Coast-to-coast and around the world, the heat is really on. As summer temps continue to set new records, so do electricity bills. Finding ways to save energy has never been more important for us as individuals and as a planet. If big ticket items (like solar power, a more efficient HVAC system) aren’t in your budget, no worries. There is another option. Think small, yet smart, with energy saving home products like these. They’re practical, affordable, and designed to help you keep your cool without breaking the bank.
The kitchen is often one of the hottest rooms in the house because a stove and oven emit lots of heat.
Air fryers save time, energy and money. According to this study, the cost of of cooking for 300 hours with an electric or gas oven is $120-$153 compared to $39—the cost of cooking for 150 hours with an air fryer (air fryers cook at least 50 percent quicker). Many affordable energy saving home products work with convection, cooking fast and evenly while releasing very little heat into the room. This air fryer also has a 5.8 quart basket that feeds up to five people, or fits an entire rotisserie chicken.

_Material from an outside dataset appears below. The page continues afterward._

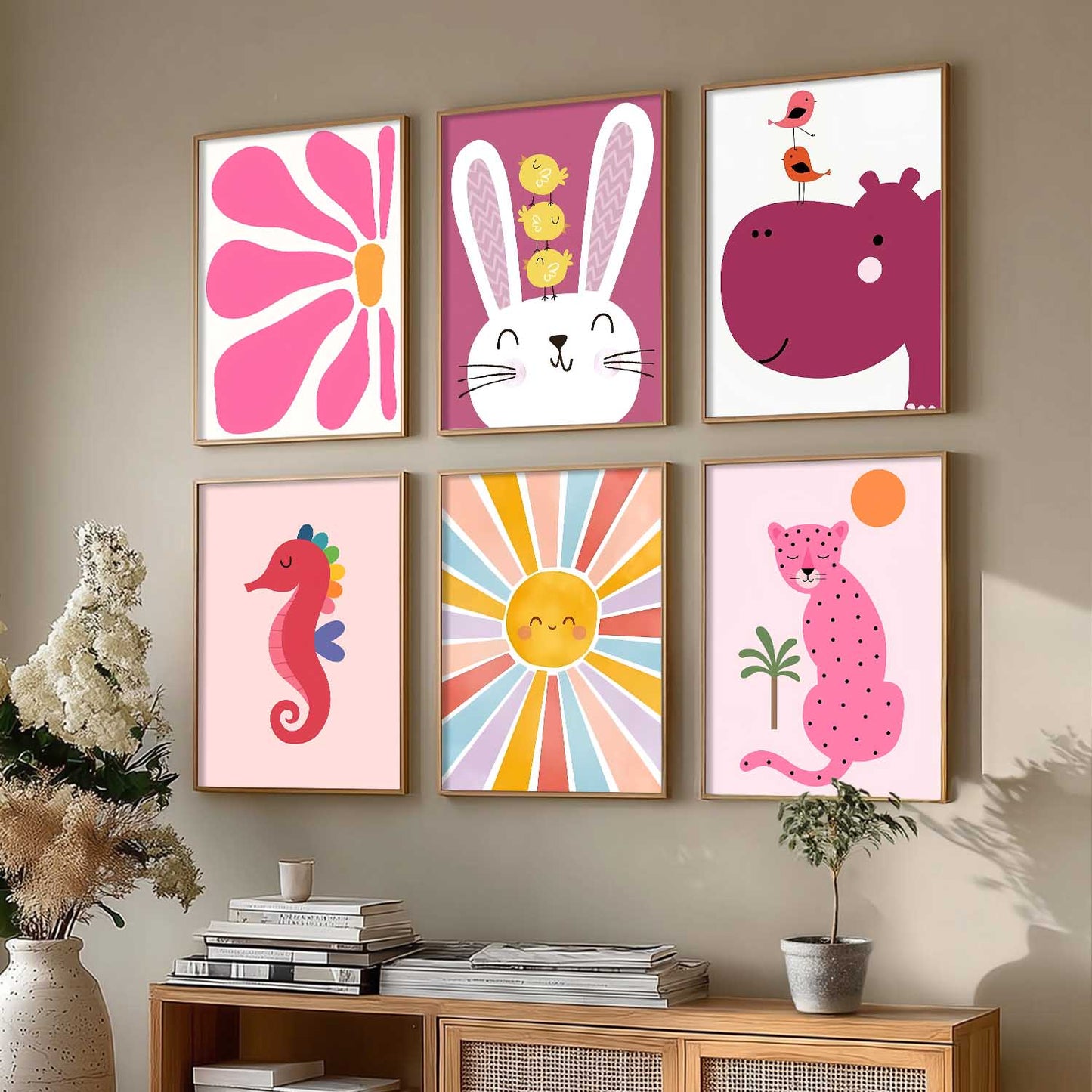 Cheetah Hippopotamus Seahorse Cartoon Animals Wall Art Paintings with Frame for Living Room Bedroom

Premium air fryer, $129.99.
Over the past 25 years, I’ve owned two De’Longhi countertop ovens. Both have have been work horses and very durable. This countertop oven cooks 40% faster than a conventional oven without adding heat to the kitchen because of its insulated construction and double glass door. And it’s big enough to bake a pizza in it.

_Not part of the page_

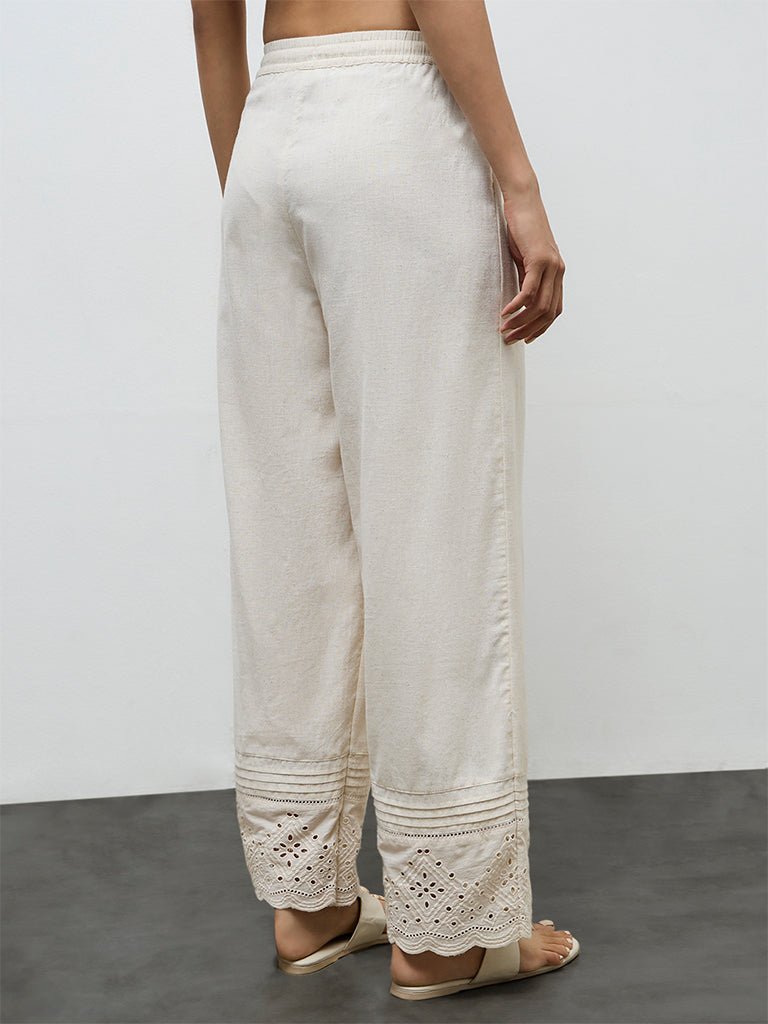 Utsa Off-White Eyelet Embroidered Cotton Pants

Livenza compact convection oven, $199.95.
Every day, I use an electric kettle like this. In about three minutes, it heats water to a boil. Having bought several kettles over the years, here’s what I’ve learned. “Cool touch” kettles with stainless steel interiors are the safest and most durable.
Meison Cool Touch stainless steel electric kettle, $22.99.
The laundry room is also usually one of the hottest rooms in the house. Most of a dryer’s energy goes into producing heat (duh), so the less your dryer is used, the more your savings will add up.
Drying racks have been used by thrifty homeowners for generations, and for good reason. They save on energy and clothes remain in good condition longer (dryer heat breaks fibers down). These drying racks are designed for compact spaces, and fold up for storage, too. My mom bought a similar over-the-door rack for me when I got my first apartment. Two houses later, I still use it every week. I also own the Amazon drying rack. It’s well-made and durable, too.
JALL drying rack, $11.99.
Whitmor over-the-door drying rack, $24.80.
I’m used to hot summers because I live in Texas. However, my thermometer lost its mind one month earlier than usual and we’re having energy grid issues (don’t get me started), so I’m trying to be extra prudent with my electricity use. By keeping a floor fan on, I’m finding that my home feels cooler because the air from my HVAC system is continually circulated at body level rather than rising upward.
I didn’t know about oscillating tower fans until I came across this one. It stands 42” high, has nine speeds, operates by remote control, and is really quiet (25-24db). The best price I’ve found for it is on Amazon where a $10 coupon is currently available.
Dreo Pilot Pro tower fan, $99.9 (when $10 coupon is applied).
While energy saving home products like these won’t deliver the same level of impact to your electricity bill that big ticket products do, they will help when used consistently and along with similar products. During sweltering temps like these, they’re worth trying.